Unlike conventional multicast transmission techniques, network device 24 sends a multicast stream to the requesting subscriber device on an OIF different than the interface on which network device 24 received the membership request. In fact, mapping interface 25 carries only IGMP proxy packets and does not carry actual multicast traffic. Furthermore, each of OIFs 29 is dedicated to a respective multicast group and not to the subscribed device 20 requesting the multicast stream. Therefore, network device 24 sends one copy of the multicast stream for all requesting subscriber devices 20 connected to the same network switch 22 instead of sending a separate copy of the multicast stream for each of the requesting subscriber devices.

As shown in FIG. 2, network switch 22 is responsible for replicating and forwarding the multicast streams from network device 24 to subscriber devices 20. Network switch 22 performs a cross-connection between the dedicated OIFs 29 of network device 24 and the multicast interfaces 28 of subscriber devices 20. In order to perform the cross-connection, network switch 22 is aware of the multicast groups in which subscriber devices 20 are interested. Network switch 22 may gain this knowledge by snooping the membership requests on mapping interface 25 or by receiving Layer 2 Control Protocol (L2CP) instructions from network device 24.

In some cases, additional network switches (not shown in FIG. 2) may be connected to network device 24. Each of the additional network switches may connect to network device 24 over a respective mapping interface and at least one OIF that is dedicated to a specific multicast group. The system administrator configures each of the mapping interfaces to use only one OIF map.

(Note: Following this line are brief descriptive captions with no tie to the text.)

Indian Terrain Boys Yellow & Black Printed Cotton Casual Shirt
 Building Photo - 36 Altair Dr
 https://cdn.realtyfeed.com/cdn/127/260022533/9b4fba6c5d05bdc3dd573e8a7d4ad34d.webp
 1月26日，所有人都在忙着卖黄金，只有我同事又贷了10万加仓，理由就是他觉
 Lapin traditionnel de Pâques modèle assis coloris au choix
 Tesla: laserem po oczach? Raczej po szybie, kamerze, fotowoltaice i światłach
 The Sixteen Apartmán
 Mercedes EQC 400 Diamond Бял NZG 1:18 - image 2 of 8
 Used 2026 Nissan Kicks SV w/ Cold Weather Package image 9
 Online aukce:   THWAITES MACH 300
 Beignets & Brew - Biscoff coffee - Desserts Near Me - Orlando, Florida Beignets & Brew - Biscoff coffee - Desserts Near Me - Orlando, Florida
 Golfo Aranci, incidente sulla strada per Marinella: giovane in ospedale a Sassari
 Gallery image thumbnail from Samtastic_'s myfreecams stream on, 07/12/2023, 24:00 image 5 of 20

In some embodiments, the system administrator may configure each of the mapping interfaces to use a separate OIF map included in network device 24. In other embodiments, the system administrator may configure each of the mapping interfaces to use a common OIF map, e.g., OIF map 30. In still other embodiments, some of the mapping interfaces may have separate OIF maps and some of the mapping interfaces may share OIF maps.

When a match is not found between a received membership request and the membership groups listed in OIF map 30, the membership request is not mapped to one of OIFs 29. In the case where an interface carrying a membership request is not configured to use an OIF map, network device 24 may send the requested multicast stream on an unmapped OIF. The unmapped OIF may comprise the interface carrying the membership request. In the illustrated embodiment, the unmapped OIF may comprise unicast interfaces 26.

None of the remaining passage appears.